== Segment start ==

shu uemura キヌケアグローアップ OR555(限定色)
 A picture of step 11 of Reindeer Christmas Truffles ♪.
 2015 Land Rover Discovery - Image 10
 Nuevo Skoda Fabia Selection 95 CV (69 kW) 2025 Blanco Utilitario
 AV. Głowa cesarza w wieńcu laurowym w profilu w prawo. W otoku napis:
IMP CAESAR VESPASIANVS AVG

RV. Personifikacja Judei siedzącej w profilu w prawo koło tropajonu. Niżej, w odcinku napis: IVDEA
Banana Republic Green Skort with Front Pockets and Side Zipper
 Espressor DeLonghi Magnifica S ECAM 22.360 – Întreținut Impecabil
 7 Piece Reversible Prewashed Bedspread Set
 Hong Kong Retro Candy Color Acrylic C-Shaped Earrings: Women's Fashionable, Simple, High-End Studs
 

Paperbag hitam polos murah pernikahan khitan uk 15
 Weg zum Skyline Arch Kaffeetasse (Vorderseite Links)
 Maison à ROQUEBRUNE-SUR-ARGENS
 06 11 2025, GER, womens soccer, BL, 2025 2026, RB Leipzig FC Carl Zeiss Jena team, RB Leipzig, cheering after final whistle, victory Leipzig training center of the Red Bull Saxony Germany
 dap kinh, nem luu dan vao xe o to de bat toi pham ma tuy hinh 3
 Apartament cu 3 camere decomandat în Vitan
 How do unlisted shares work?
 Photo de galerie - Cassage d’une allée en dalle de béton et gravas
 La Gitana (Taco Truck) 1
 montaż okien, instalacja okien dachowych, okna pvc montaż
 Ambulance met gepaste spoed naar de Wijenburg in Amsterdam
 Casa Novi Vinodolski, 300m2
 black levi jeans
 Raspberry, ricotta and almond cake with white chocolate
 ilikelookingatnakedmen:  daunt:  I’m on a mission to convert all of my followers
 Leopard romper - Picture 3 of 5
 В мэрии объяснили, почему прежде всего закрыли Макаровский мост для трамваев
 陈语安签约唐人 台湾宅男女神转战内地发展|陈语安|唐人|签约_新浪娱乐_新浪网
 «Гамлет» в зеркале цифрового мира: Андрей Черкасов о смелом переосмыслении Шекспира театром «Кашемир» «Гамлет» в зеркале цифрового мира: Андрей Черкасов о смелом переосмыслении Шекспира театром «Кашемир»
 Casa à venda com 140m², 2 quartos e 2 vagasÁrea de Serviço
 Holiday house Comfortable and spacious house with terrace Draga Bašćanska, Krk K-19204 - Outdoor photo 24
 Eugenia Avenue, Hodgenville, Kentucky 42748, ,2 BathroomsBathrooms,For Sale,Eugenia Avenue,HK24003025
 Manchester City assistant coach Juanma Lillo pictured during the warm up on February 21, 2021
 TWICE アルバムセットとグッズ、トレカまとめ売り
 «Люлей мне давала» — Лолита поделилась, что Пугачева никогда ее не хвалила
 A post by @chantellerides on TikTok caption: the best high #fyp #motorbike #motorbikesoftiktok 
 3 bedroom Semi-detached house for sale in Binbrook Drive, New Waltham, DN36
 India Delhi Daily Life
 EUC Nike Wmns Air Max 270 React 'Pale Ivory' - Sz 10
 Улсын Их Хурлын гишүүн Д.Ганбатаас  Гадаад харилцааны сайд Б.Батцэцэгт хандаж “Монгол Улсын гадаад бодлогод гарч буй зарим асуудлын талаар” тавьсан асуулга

== Segment end ==

The required answer is the run of lines above, starting at the line with "IMP CAESAR VESPASIANVS AVG" and ending at the line with "陈语安签约唐人 台湾宅男女神转战内地发展|陈语安|唐人|签约_新浪娱乐_新浪网", reproduced exactly with both ends.

IMP CAESAR VESPASIANVS AVG

RV. Personifikacja Judei siedzącej w profilu w prawo koło tropajonu. Niżej, w odcinku napis: IVDEA
Banana Republic Green Skort with Front Pockets and Side Zipper
 Espressor DeLonghi Magnifica S ECAM 22.360 – Întreținut Impecabil
 7 Piece Reversible Prewashed Bedspread Set
 Hong Kong Retro Candy Color Acrylic C-Shaped Earrings: Women's Fashionable, Simple, High-End Studs
 

Paperbag hitam polos murah pernikahan khitan uk 15
 Weg zum Skyline Arch Kaffeetasse (Vorderseite Links)
 Maison à ROQUEBRUNE-SUR-ARGENS
 06 11 2025, GER, womens soccer, BL, 2025 2026, RB Leipzig FC Carl Zeiss Jena team, RB Leipzig, cheering after final whistle, victory Leipzig training center of the Red Bull Saxony Germany
 dap kinh, nem luu dan vao xe o to de bat toi pham ma tuy hinh 3
 Apartament cu 3 camere decomandat în Vitan
 How do unlisted shares work?
 Photo de galerie - Cassage d’une allée en dalle de béton et gravas
 La Gitana (Taco Truck) 1
 montaż okien, instalacja okien dachowych, okna pvc montaż
 Ambulance met gepaste spoed naar de Wijenburg in Amsterdam
 Casa Novi Vinodolski, 300m2
 black levi jeans
 Raspberry, ricotta and almond cake with white chocolate
 ilikelookingatnakedmen:  daunt:  I’m on a mission to convert all of my followers
 Leopard romper - Picture 3 of 5
 В мэрии объяснили, почему прежде всего закрыли Макаровский мост для трамваев
 陈语安签约唐人 台湾宅男女神转战内地发展|陈语安|唐人|签约_新浪娱乐_新浪网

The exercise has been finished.